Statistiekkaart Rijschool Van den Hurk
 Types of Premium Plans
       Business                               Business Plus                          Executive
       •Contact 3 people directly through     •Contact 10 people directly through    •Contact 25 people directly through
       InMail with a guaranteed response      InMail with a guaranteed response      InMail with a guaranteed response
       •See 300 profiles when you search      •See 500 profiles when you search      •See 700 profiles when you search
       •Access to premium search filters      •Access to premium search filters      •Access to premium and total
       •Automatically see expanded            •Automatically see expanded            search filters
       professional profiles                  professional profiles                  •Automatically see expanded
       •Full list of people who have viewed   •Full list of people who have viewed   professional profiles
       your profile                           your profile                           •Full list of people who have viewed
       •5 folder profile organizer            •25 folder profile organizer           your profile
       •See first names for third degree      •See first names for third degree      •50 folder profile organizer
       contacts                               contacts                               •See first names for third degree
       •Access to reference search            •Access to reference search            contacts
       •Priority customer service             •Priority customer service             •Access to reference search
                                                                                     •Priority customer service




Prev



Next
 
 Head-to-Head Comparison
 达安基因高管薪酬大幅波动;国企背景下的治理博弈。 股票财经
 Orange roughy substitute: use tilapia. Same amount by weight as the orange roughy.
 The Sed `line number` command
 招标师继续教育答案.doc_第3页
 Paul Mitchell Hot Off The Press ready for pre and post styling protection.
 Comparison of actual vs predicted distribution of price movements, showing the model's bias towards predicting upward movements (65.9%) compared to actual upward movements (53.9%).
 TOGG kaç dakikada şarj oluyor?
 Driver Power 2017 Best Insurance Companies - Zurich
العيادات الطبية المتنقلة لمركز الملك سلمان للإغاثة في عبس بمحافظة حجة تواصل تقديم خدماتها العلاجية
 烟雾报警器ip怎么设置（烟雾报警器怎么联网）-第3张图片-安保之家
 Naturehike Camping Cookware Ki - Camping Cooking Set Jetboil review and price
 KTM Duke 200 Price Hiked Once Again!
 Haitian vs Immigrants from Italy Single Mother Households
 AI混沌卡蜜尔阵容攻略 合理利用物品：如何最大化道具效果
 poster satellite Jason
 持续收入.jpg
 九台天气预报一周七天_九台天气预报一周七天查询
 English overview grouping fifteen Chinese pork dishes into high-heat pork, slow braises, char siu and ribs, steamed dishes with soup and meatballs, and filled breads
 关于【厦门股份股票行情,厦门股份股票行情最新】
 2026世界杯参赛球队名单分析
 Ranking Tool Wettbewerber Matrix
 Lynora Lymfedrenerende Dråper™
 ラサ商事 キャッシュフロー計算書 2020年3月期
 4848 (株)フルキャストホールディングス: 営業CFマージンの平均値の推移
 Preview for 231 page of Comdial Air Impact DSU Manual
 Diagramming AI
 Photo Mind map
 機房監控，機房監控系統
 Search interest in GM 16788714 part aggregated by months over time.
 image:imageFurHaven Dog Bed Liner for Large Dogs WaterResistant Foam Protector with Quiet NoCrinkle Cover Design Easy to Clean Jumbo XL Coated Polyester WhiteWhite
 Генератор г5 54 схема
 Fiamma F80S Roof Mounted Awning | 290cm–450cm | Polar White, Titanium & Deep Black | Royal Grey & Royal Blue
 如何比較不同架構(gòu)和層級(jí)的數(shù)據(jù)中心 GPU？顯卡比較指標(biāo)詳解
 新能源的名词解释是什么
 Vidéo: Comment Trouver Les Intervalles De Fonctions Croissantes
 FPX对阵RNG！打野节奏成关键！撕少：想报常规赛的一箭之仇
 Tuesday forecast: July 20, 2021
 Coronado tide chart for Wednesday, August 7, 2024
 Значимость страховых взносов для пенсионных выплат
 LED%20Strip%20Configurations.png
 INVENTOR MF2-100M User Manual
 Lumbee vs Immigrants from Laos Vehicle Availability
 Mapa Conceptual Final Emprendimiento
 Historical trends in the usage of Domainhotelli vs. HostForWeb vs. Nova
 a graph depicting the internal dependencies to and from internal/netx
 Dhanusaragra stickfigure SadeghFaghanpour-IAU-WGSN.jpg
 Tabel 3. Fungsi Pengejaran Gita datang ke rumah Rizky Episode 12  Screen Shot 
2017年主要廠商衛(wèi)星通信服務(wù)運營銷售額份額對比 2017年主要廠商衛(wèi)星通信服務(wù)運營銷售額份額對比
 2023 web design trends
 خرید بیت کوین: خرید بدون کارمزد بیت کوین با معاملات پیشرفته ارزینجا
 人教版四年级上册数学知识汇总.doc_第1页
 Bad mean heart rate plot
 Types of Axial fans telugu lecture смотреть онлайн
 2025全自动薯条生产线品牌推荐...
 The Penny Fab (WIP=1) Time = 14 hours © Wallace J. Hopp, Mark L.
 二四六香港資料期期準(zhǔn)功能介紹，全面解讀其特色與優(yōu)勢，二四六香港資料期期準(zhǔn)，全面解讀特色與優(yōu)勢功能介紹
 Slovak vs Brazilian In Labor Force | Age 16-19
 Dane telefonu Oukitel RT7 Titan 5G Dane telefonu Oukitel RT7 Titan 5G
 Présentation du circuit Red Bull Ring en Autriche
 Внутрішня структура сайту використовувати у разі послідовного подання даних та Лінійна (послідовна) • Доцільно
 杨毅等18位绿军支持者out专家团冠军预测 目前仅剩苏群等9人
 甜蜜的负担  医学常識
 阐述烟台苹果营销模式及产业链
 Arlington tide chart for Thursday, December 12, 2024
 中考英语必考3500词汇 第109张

Required work: The total, and only the total: count the lines above that contain "customer".

Task result: 2